BACKGROUND OF THE INVENTION

Spinning novelty devices have been popular as children's toys for many years. They have been created in most all conceivable shapes and sizes. Most all these toys require a battery.

Electronic devices have added the ability to display images in two or three dimensions and often include electronics that encompass microprocessors. Electronic image and/or message displays often utilize light emitting diodes (LEDs) placed near the surface of the device. In order for the display to be readable, the lighting of the LEDs must be synchronized to a rate of movement of the surface containing the LEDs, otherwise the LEDs will appear as a blur and will not be readable or sharp in features. Synchronization is usually done via an internal sensor that senses the rate of speed of the LEDs or a technique whereby a preprogrammed speed must be reached prior to activating the LEDs. The power required by the electronic circuitry is typically supplied via batteries. U.S. Pat. No. 6,325,690 B1 to Nelson discloses a spinning top having a display and a current induced in an induction coil as the coil spins past a magnetic field.

The present invention is an improvement over the prior art electronic novelty toys having electronic displays. The present invention contains a unique internal power generator and method of LED synchronization based on each singular rotation. Thus, a child can pick up and spin a toy years after purchase, and the toy will light up and/or generate a sound.

SUMMARY OF THE INVENTION

An aspect of the present invention is to provide a self-generating and non-battery operated rotating lighted toy.

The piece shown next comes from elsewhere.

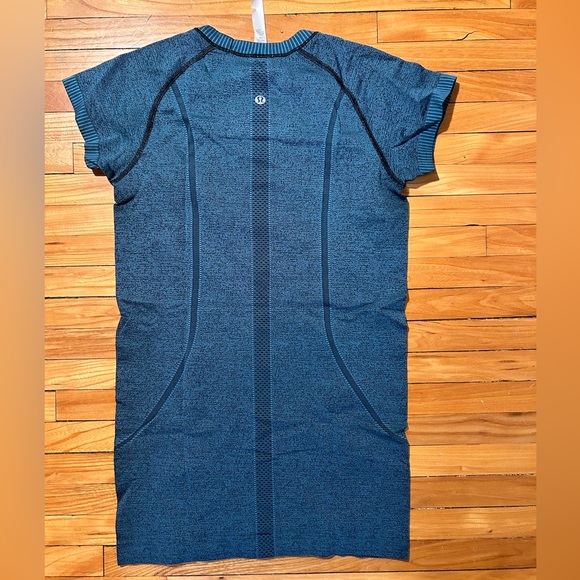 Swiftly Tech Short-Sleeve Shirt - 4 - Picture 3 of 3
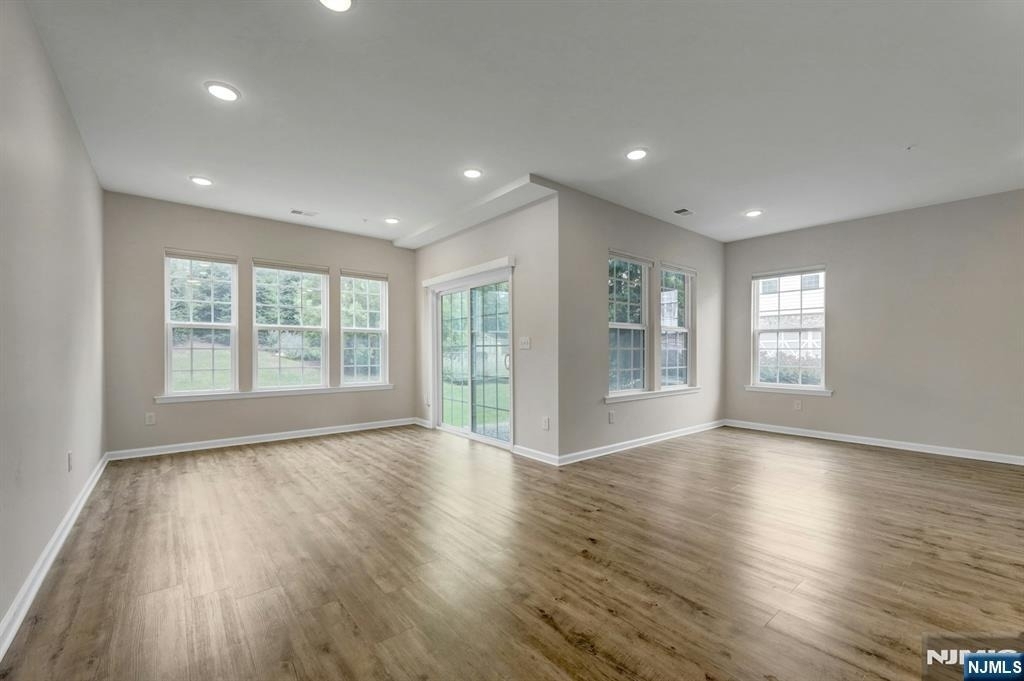 704 Cottonwood - Photo 30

Another aspect of the present invention is to provide a self-powered (a non-battery dependent) energy source via its internal induction coil.

Yet another aspect of the present invention is to provide a repeatable LED on/off rotational frequency.

Another aspect of the present invention is to provide a repeatable produced sound during rotation of the rotating toy.

Another aspect of the present invention is to provide an emergency radio signal generator during rotation of the rotating toy.

Another aspect of the present invention is to provide an apparatus that is simple to manufacture and that is highly reliable.

Other features and advantages of the invention will become apparent from a consideration of the ensuing detailed description and drawings.

Other aspects of this invention will appear from the following description and appended claims, reference being made to the accompanying drawings forming a part of this specification wherein like reference characters designate corresponding parts in the several views.

The system includes a handle to which is connected an electro-mechanical LED activation chamber. One or more LEDs are electronically attached (tethered or otherwise connected) to the activation chamber. The activation chamber rotates about the handle and contains a series of gears that drive a magnet through a rotational frequency dependent on the gear ratio. The magnet, in turn, induces a current into an induction coil with each rotation of the magnet as it spins in a circular fashion via its positive and negative poles. The induced current consists of a positive and negative current. One or both currents are fed into one or more LEDs creating a standing pattern lighting effect. The current can also feed a sound or frequency generator module. The frequency of the lighting of one LED is a function of the gear ratio with respect to the primary gear rotation to magnet rotation.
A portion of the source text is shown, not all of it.